The Crown of the Queen of Serpents July 21, 2012Author: Beach Combing | in : Modern , trackback
A curious little episode from a very obscure English autobiography. The individual being described here is August de Haxthausen (obit 1866), friend of the brothers Grimm. De Haxthausen ended up in Britain in the 1840s in the house of a little girl, Janet Ross, who would become one of Beach’s favourite cookery book writers: but that’s another story. The following is taken from Janet’s autobiography:
Another visitor at Weybridge who impressed me deeply was M. de Haxthausen. Not because he was, as Mrs. Austin said, ‘one of the most remarkable and interesting men I ever met with, whose knowledge of Russia and the East is unequalled in extent and depth,’ but because he told me wild fairy tales, and declared his life and fortune were intimately connected with a little red silk bag he wore suspended round his neck by a gold chain.
Now wild fairy tales are frankly par for the course if a little girl or boy is involved and Janet was young at this date. But the story has a curious intensity and some of the statements of the de Haxthausen suggest that he took the whole thing rather seriously: or at least that he was a very good actor.

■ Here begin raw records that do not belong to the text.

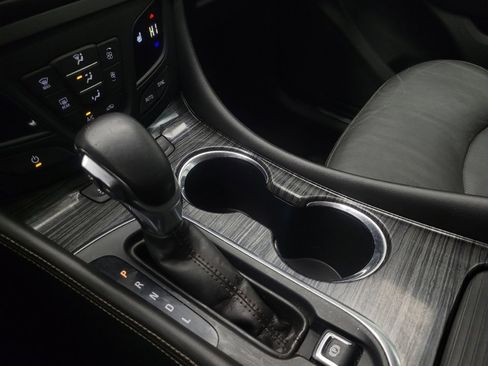 Used 2017 Buick Envision Essence image 26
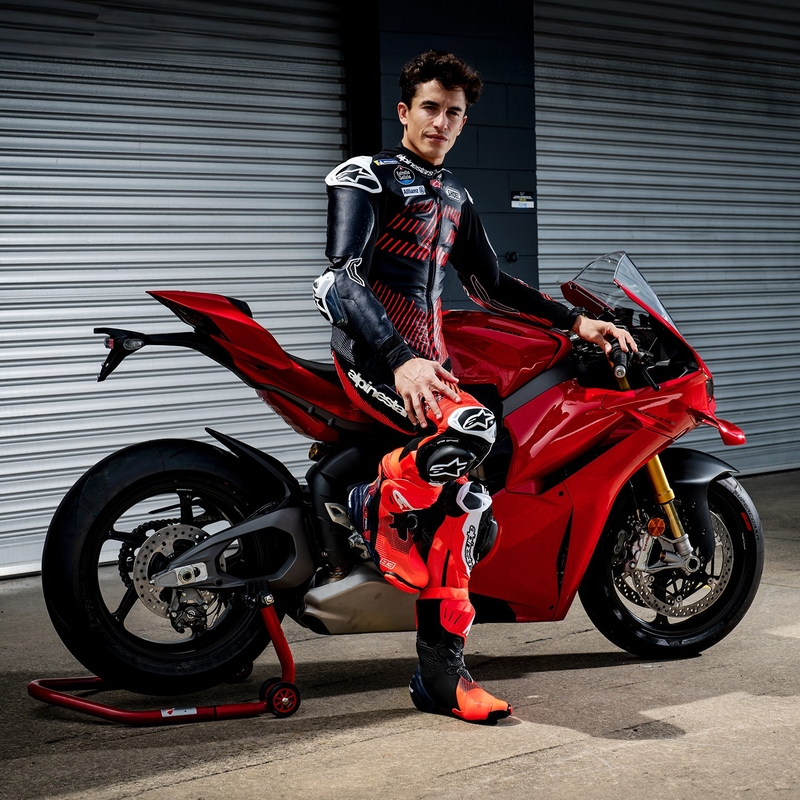Alpinestars Supertech R Vented rajoitettu painos MM93 Marc Marquez fluo punainen-sininen-musta moottoripyöräsaappaat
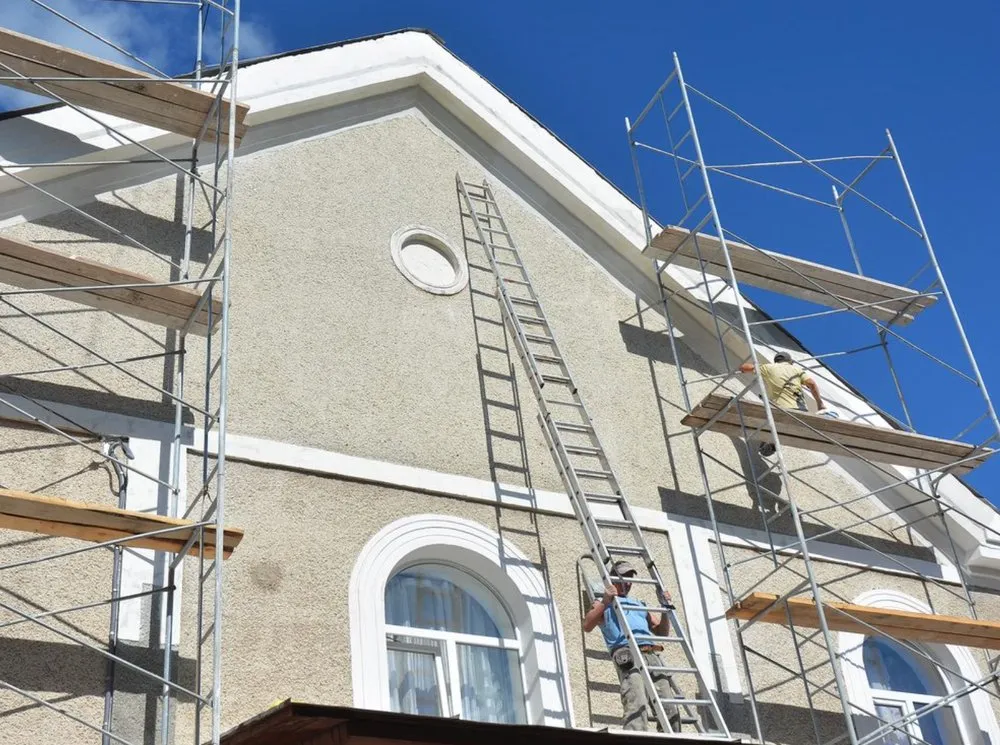 Slide of HomeGuard Roofing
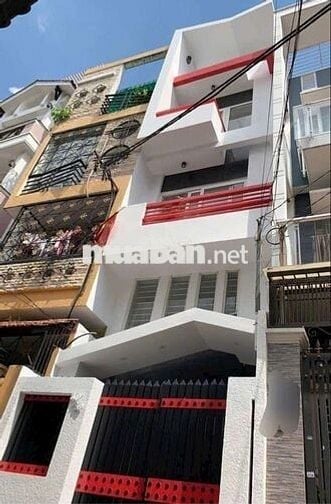 Cho thuê nhà mới hxh Trần Quang Diệu, p14. Dt. 3,7x17m 1t 3 lầu st
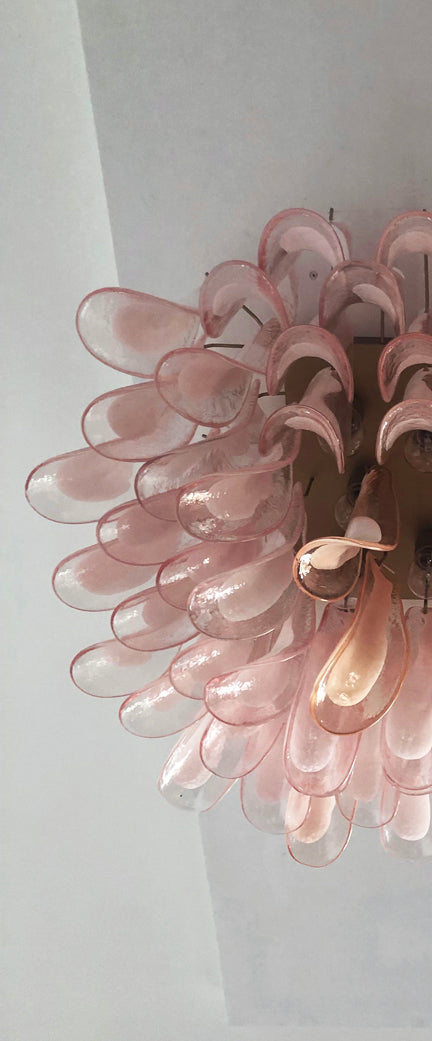 Murano Taklampe – 64 Rosa Konglebladglass – detalj 4 – Murano Classics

This [bag] contained the crown of the Queen of the Serpents, and he gave me a thrilling description of his fight in a burning Eastern gully, with the Serpent Queen. ‘She called her subjects to aid her, with shrill hissing, and the earth became alive with snakes. But I killed, and I killed, and then I ran away with my treasure, followed by a mass of gliding, wriggling creatures. Whoever possesses this crown becomes ruler of all the serpents.’ My mother, with considerable difficulty, persuaded M. de Haxthausen to show his treasure, which was enclosed in a small gold box inside the silk bag. It looked like a miniature crown made of dark amber ; and a doctor who happened to be present declared, after careful examination, that it undoubtedly was a bony excrescence from a reptile, and very probably off the head. M. de Haxthausen was evidently uneasy until his queer necklace was restored to him, and said the serpent’s crown had not been taken out of its box for over twenty years.’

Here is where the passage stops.